Soon it would be too hot

Soon it would be too hot is the first line of JG Ballard’s novel The Drowned World. Written in 1962, during the perpetual slow-burning crisis of the Cold War, it reads like a prescient vision of our current climate crisis.
Tracey Clement, Soon it would be too hot, 2021. Melting at Casula Powerhouse Arts Centre, 12-14 Feb 2021.
And here in Australia it is already too hot. Way too hot.
In the catastrophic bushfires of 2019-2020 climate change was made manifest: terrifying, deadly and spectacular. In fact the devastation was so lethal, so massive, such a spectacle, that the global media actually took notice. For a brief moment Australia was the unlucky country; a place where the reality of anthropogenic climate change could be observed wreaking havoc in real time.
It should have been a wake-up call. But then, still reeling from the bushfires, the coronavirus pandemic hit and the climate emergency fell out of the news cycle. But, of course, that doesn’t mean it has gone away. The climate crisis is still bubbling away, heating up, threatening all life on earth.
Tracey Clement, Soon it would be too hot (Big Ben), 2021. Melting at Casula Powerhouse Arts Centre, 12-14 Feb 2021.
In Soon it would be too hot multiple versions of the Eifel Tower, Sydney (Centrepoint) Tower, the Empire State Building, Petronas Towers, and Big Ben melt over the course of the exhibition.
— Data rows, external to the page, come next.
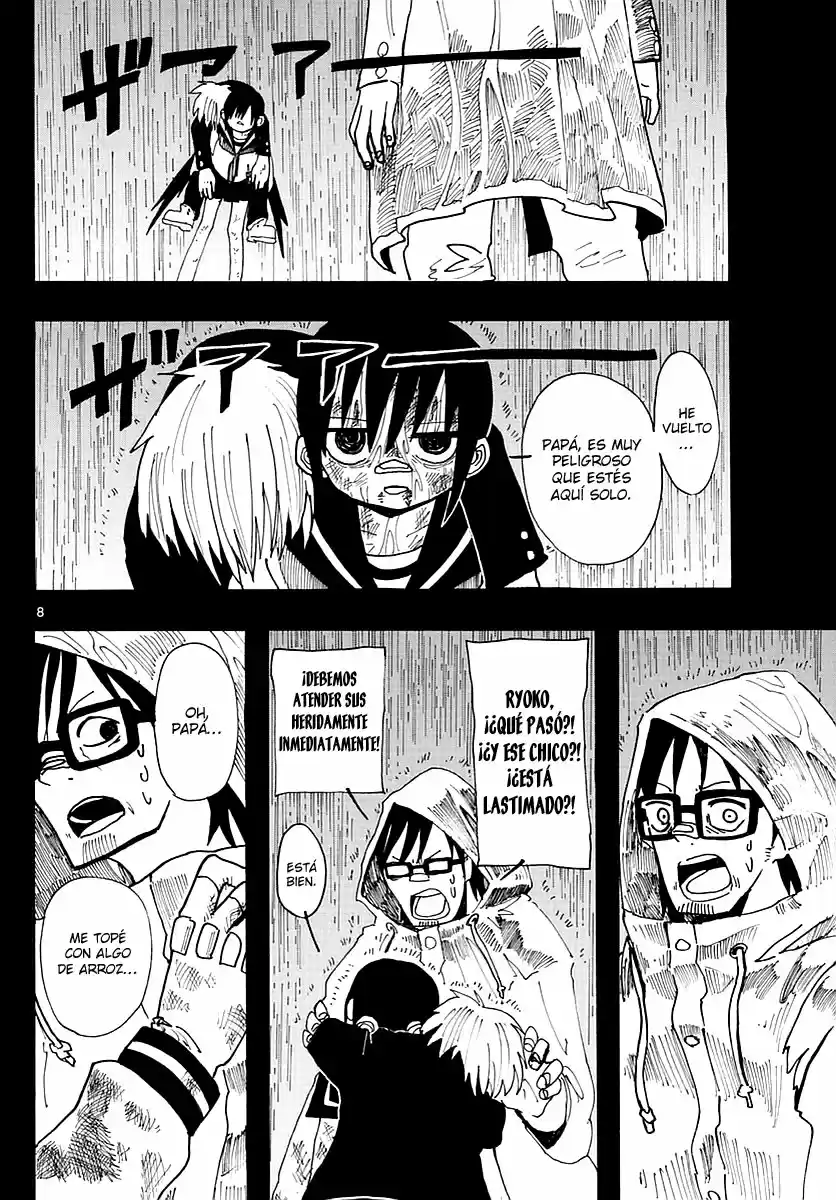 RYOKO capítulo 13, página 9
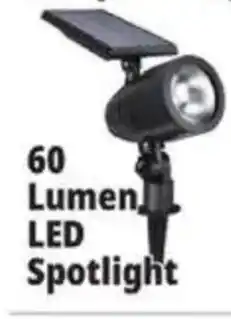 Ocean State Job Lot 60 Lumen LED Spotlight offer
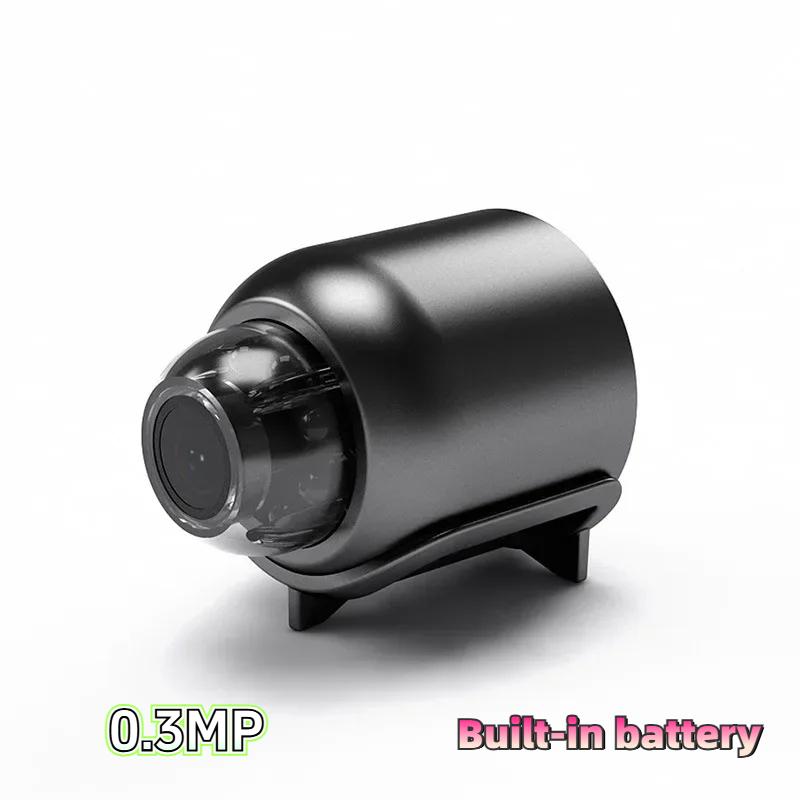 HD Infračervená kamera s nočným videním Domáca bezdrôtová Wifi kamera Mini sledovacia kamera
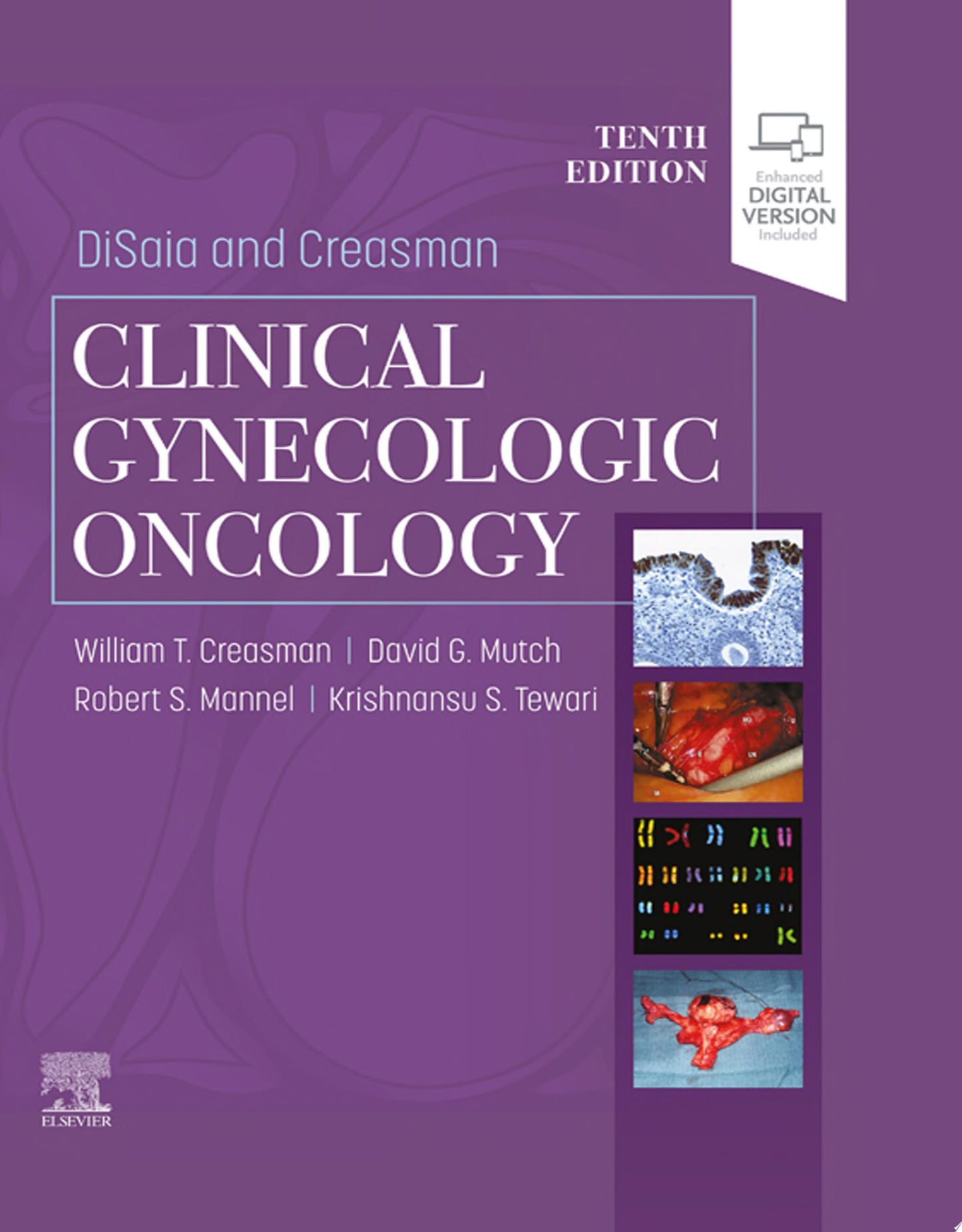 DiSaia and Creasman Clinical Gynecologic Oncology, 10th Edition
As these five iconic towers succumb to relentless man-made heat they are a bold graphic reminder that climate change didn’t just happen – we made this crisis.
And if the upward thrusting towers in Soon it would be too hot represent the anthropocentric, arrogant, individualistic, patriarchal culture which led to the climate crisis – characterised by the attitude that big is always better, too much is never enough and the natural world is a resource to be exploited for human gratification – then beeswax, the material they are made from, symbolises an alternative: a matriarchal, nonhuman and collective social structure.

As temperatures in Australia continue to rise summer has become an increasingly dangerous season – when we aren’t literally burning we are metaphorically melting. Soon it would be too hot seeks to keep anthropogenic climate change front and centre in the public consciousness, not to point the finger, but to spark action and kindle hope. Yes, we are all culpable, but we are also the only ones that can address this crisis. And we can do this together, working collectively.